NFL bonuses, for the purposes of the salary cap, are classified as either “likely to be earned,” and count against the cap, or “not likely to be earned,” and not count. NFL franchises can stay under the cap a multitude of ways but the main effect of a hard salary cap was the release of higher paid veteran players in favor of younger players still playing out their cheaper rookie contracts.
The NFLPA had to step in and create the veteran’s minimum salary which paid, without bonuses, up to $810,000, while accounting for only $425,000 (47.5% discount) against the cap. A small reprieve, it’s still going to be hard to keep between 53 (in-season) and 90 (off-season) player salaries from exceeding the 2018 NFL salary cap of $177.2 Million.
Divided among 53 players, that comes to an average of $3,342,396 per player. For perspective, the 2018 NBA salary cap of $101.869 Million, divided by a roster of 15, allows an average of $6,791,266 per player salary. That’s about $3,447,870 more in salary per player than the NFL.
Maybe that would make sense if the NBA made tons more money than the NFL, but the exact opposite is the case. The total worth of all NBA franchises combined is roughly $40.8 Billion while the total worth of all NFL franchises combined is about $64 Billion.

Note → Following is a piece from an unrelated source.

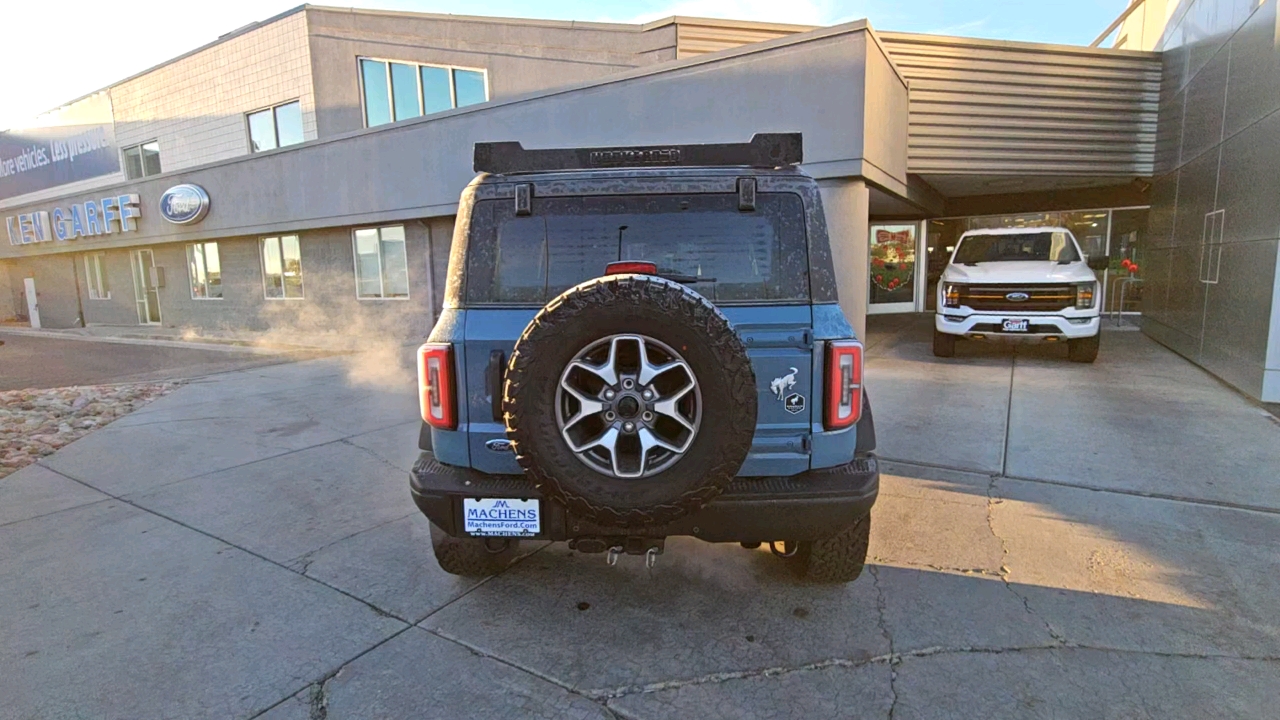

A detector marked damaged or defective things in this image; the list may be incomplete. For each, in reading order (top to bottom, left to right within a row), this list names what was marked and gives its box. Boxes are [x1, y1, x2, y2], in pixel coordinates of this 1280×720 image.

pavement crack [983, 474, 1064, 640]
pavement crack [870, 566, 901, 717]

Even though I’d make the argument that the NBA has better international appeal and growth potential than the NFL, NFL players need to bring this misappropriation of profits to the forefront during their renegotiations of the CBA in 2020. Perhaps they could take another note from the NBA playbook and institute mandatory salary increases based on performance accolades.

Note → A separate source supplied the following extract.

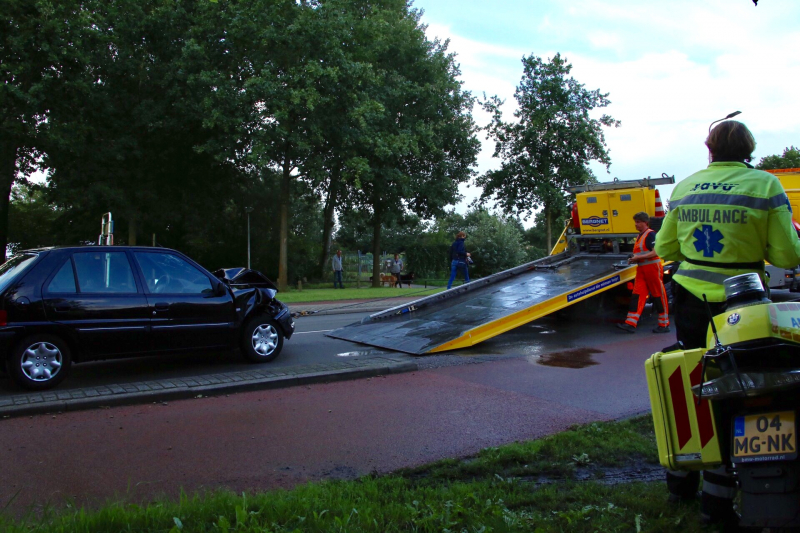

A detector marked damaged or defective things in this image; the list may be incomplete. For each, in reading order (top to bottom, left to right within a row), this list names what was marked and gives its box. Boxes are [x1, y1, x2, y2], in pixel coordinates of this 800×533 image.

damaged black car [0, 246, 294, 390]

An NBA player coming off his rookie scale contract, for instance, is eligible to receive 30% of the cap if he was named MVP in any of the previous three seasons, named Defensive Player of the Year in the immediately preceding season (or two of the three most recent seasons), or named to an All-NBA team in the immediately preceding season (or two of the three most recent seasons).
The main problem with this system, however, is that really good players are often overlooked because they didn’t receive the media hype and attention that leads to winning one of those distinctions. In fact, being left off an Associated Press All-NBA list can literally cost players millions of dollars as they negotiate their next contracts.
No matter what the NFLPA’a game plan is for the 2020 CBA, hopefully it includes discussing the topics of guaranteed contracts, retooling the rookie wage scale for fairer pay earlier in contracts, and, most of all, raising the hard salary cap more than a meager 6-8% annually. The profits are there, even after a year of downward ratings and fan favorability.
NFL players are getting hip to this. They are starting to demand guaranteed contracts. Word on the street is Aaron Rogers may very soon sign the largest fully guaranteed contract ever. But until the hard cap goes up as astronomically fast as recent player salaries, all Rogers’ contract will mean is a win for him and a loss for the four or five guys who the Packers now can’t afford to pay.